== REQUIRED WORK ==
Only some lines are wanted. Transcribe, exactly, the lines below from the line with "Comfort Weave Cotton" up to and including the line with "CAT M315F Koparki kołowe".

== MATERIAL PROVIDED ==
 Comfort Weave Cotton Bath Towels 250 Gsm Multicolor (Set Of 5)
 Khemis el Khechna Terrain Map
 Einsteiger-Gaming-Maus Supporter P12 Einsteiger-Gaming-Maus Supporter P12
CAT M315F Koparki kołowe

--

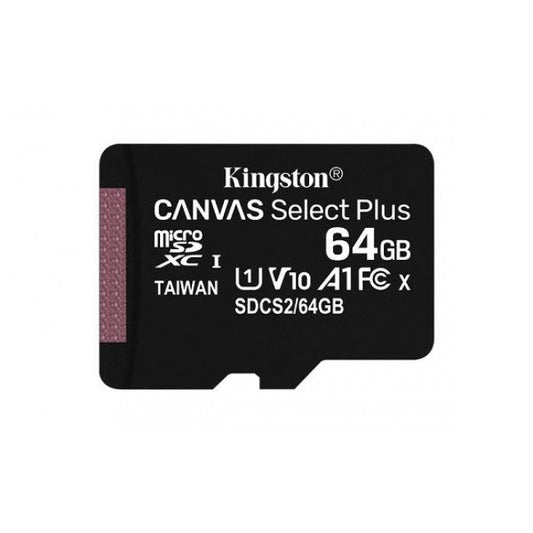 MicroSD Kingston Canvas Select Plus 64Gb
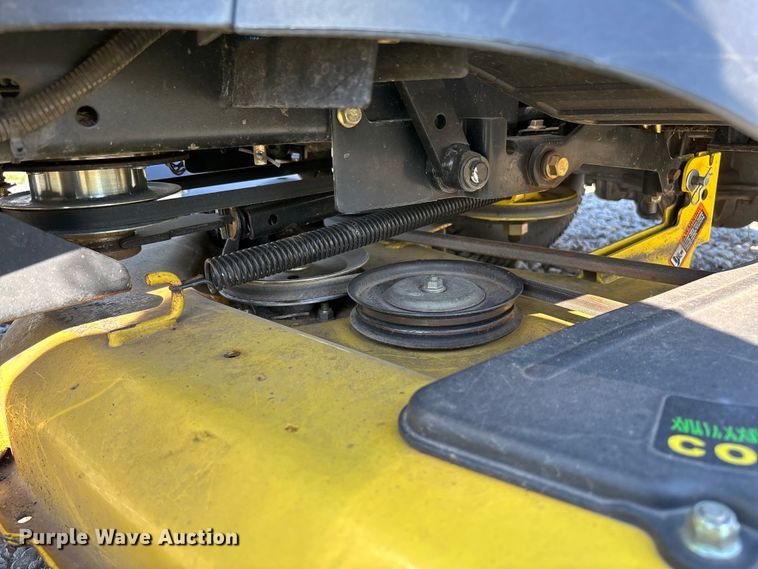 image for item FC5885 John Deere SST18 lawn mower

...

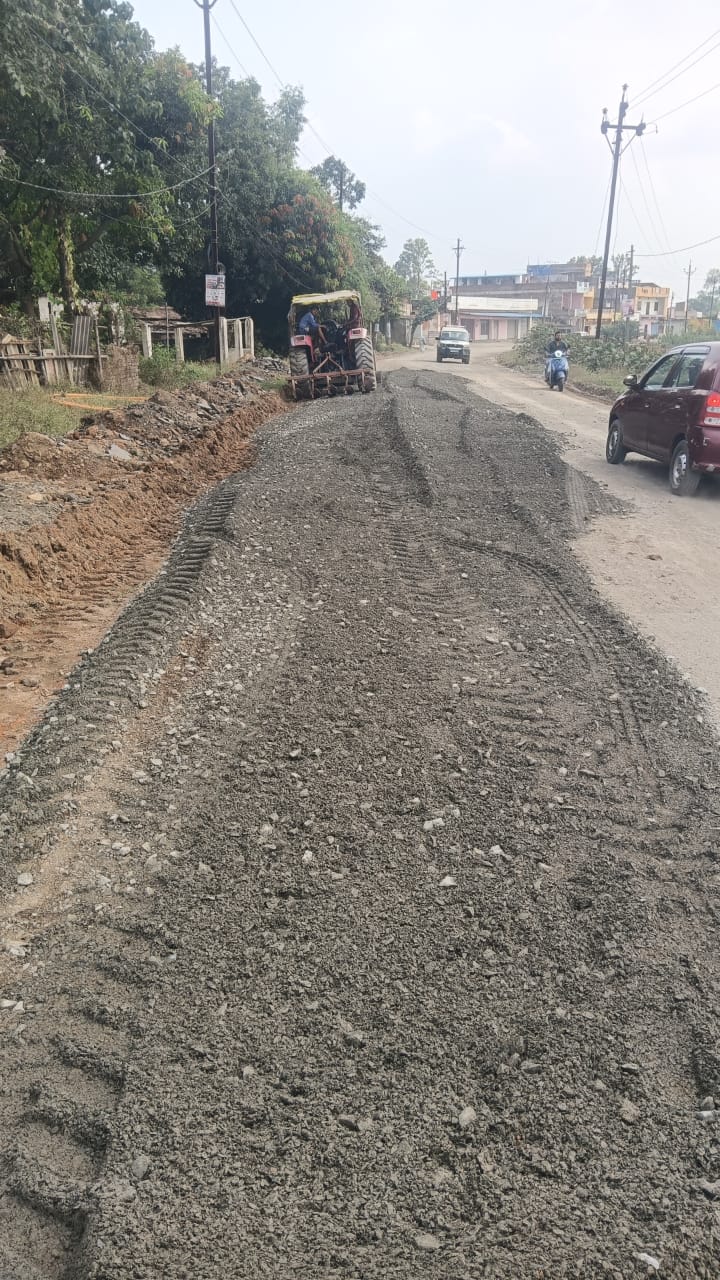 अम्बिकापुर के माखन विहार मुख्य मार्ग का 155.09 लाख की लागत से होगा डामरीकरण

== TASK RESULT ==
 Comfort Weave Cotton Bath Towels 250 Gsm Multicolor (Set Of 5)
 Khemis el Khechna Terrain Map
 Einsteiger-Gaming-Maus Supporter P12 Einsteiger-Gaming-Maus Supporter P12
CAT M315F Koparki kołowe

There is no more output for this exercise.